And gawd if that doesn’t get my boxers in a twist.
Especially since, let’s be honest, I fetishize the theorization of gender a little bit (or, um, maybe a lot), so the verbal explanation of gender and sexuality that femmes are pretty much required to do (because the sex-gender assumption is so strong) is all the more hot to me, and even sometimes MORE valid than the androgynous or rejection of femininity presentation of many other dykes and queers. Because, I mean, your strappy sandals are really hot, don’t get me wrong, but if you can’t use words to talk about femininity and sexuality and dykeness and a claim to queer culture and an acknowledgment of the complications of living in a culture which heteronormatizes femininity, are you going to get my blood pumping? Probably not. The femininity without the intention behind it is less appealing – to me, personally – than the ability to explain it.
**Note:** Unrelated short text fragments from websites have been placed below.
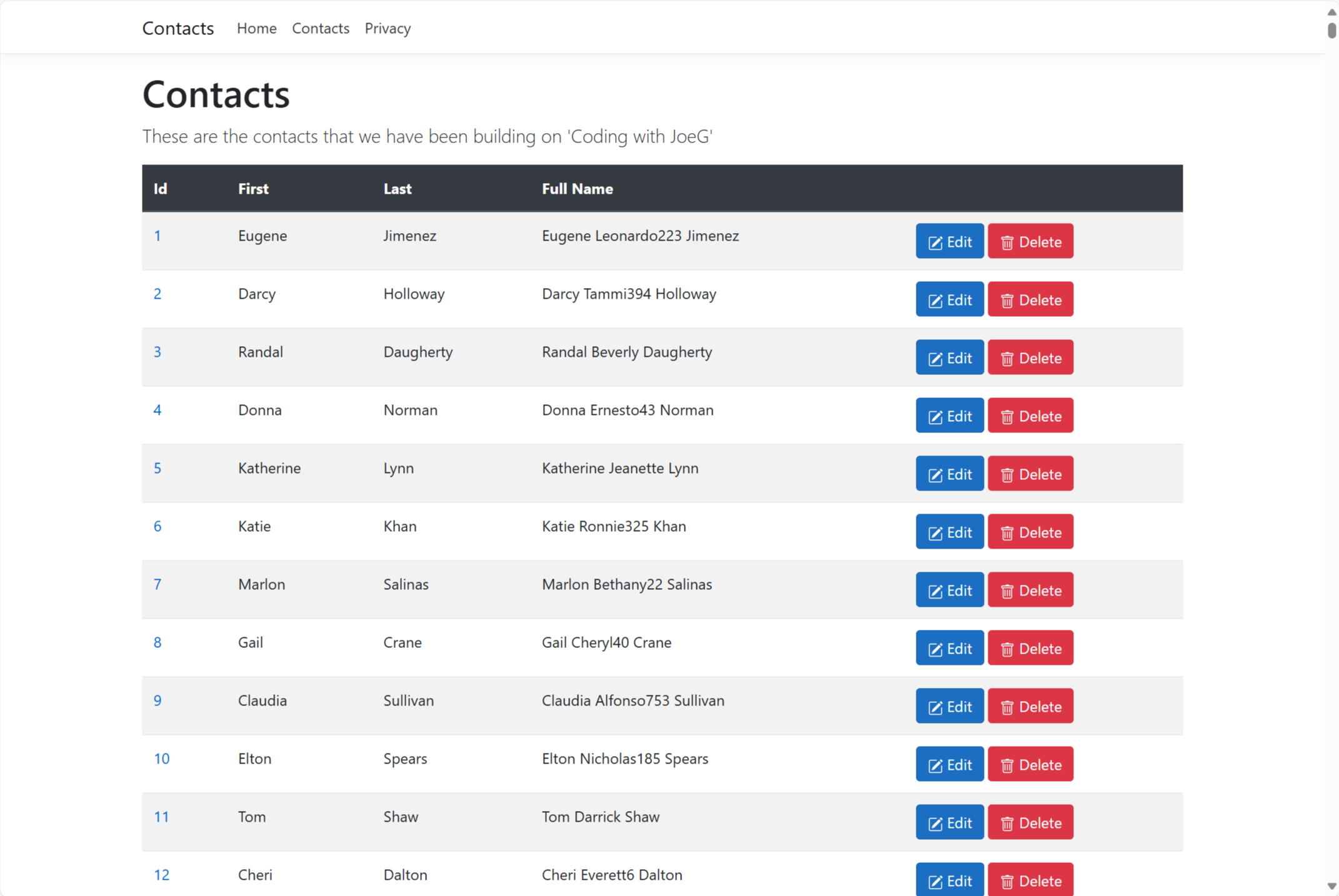 Contacts Web UI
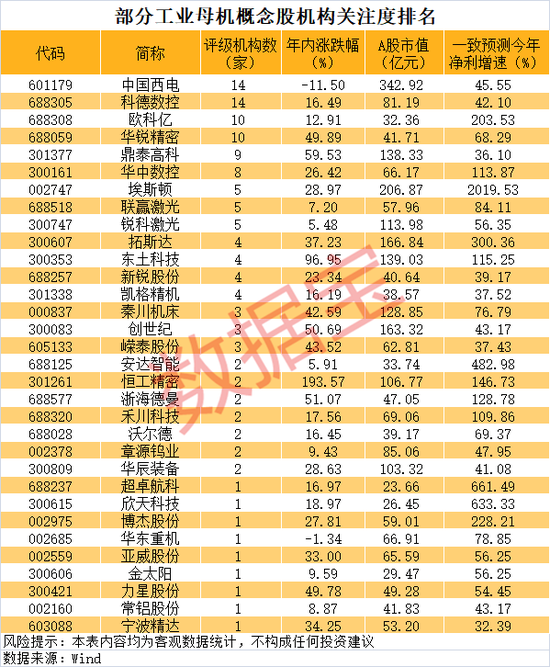 大利空，300159“20cm”跌停，封单逾百万手！人形机器人铲子股，爆发  第4张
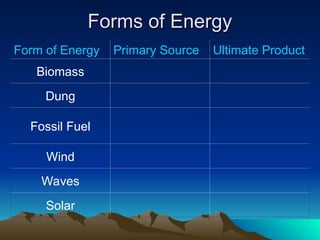 Forms of Energy
Forms of Energy
Form of Energy Primary Source Ultimate Product
Biomass
Dung
Fossil Fuel
Wind
Waves
Solar
 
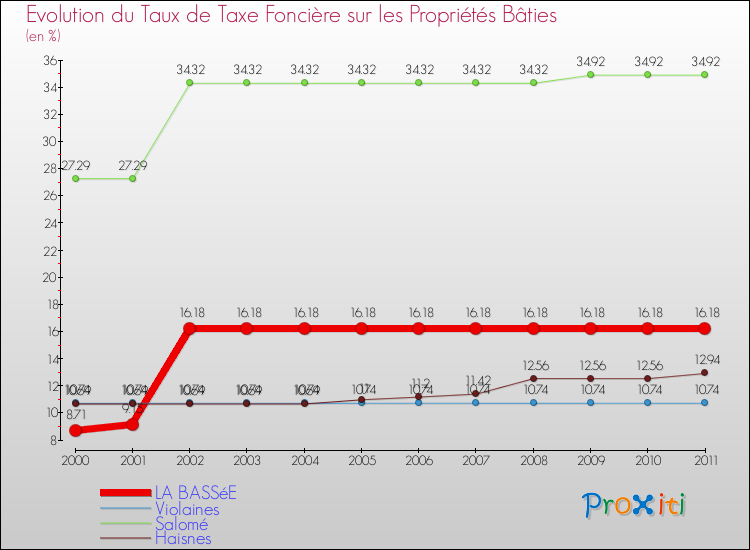 Evolution du taux de la taxe foncière sur le bati pour LA BASSéE et les communes proches Comparaison des taux de taxe foncière sur le bati pour LA BASSéE et les communes voisines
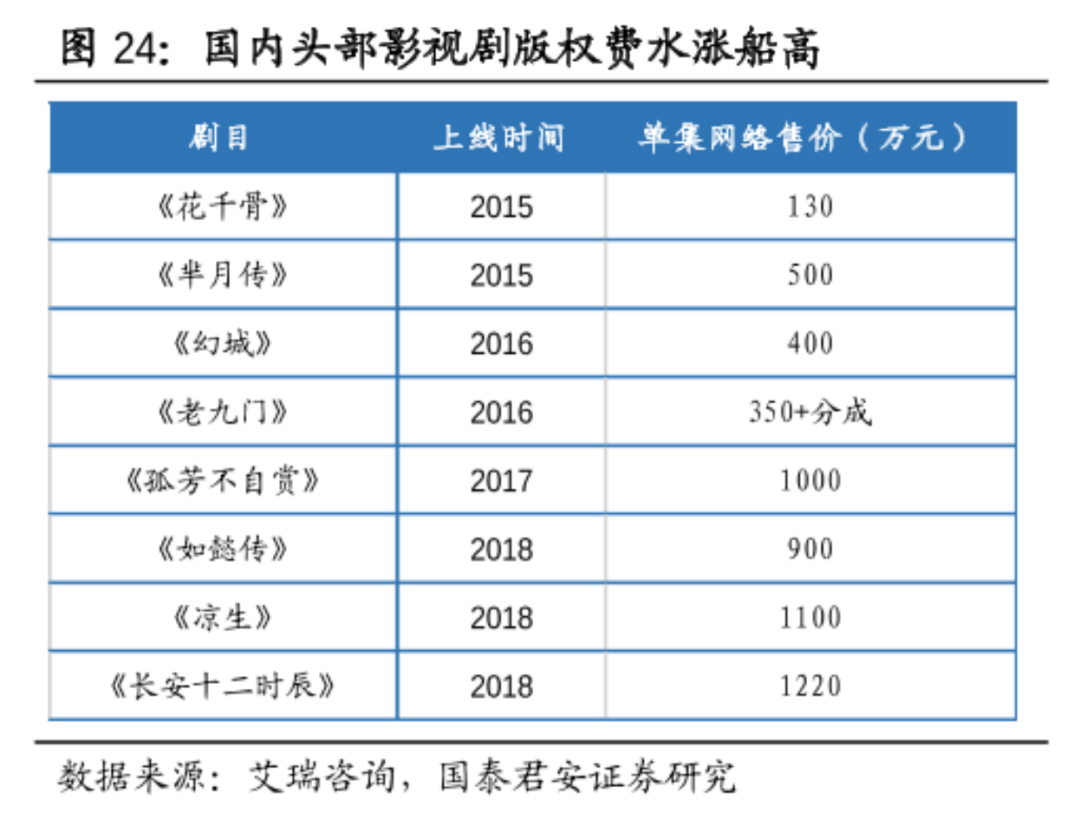 整个视频行业，都在等待爱奇艺盈利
From what I can tell, the issue of femme invisibility is at least threefold: visibility to straight folks, visibility to queer folks, and visibility to femmes themselves.
Passing: In/visibility to the Straight World
Not being seen as queer and recognized as radical by straight folks is a common complaint I hear from femmes. There is an added burden of constantly having to come out verbally, constantly having to remind the folks around you that you are queer, constantly having to deflect and defend yourselves against unwanted straight male attractions, since in this culture the display of femininity is presumed to be for the attraction of men, men’s gaze, men’s sexual advancement. It is seen as an invitation to being hit on, in fact. A girl out on the town and all dressed up in heels, dresses, lipstick, must be trying to “catch a man.” Of course, this isn’t true. Whoever this girl is, she could be wearing those things for all kinds of reasons, for her boyfriend, for her friends, for herself, for her wife.
And this is constant. Walking down the street, catching a cab, on the subway, at work, at a party, at a play, at a concert, in a bar – everywhere a femme goes, her femininity is assumed to be for men and to attract a man.
(This is also, in fact, one of the reasons femme-ness is subversive, and feminist: it re-creates femininity not as a tool to catch men, but as an authentic mode of expression for onesself and for queerness, disrupting this idea that femininity is “natural” for women.)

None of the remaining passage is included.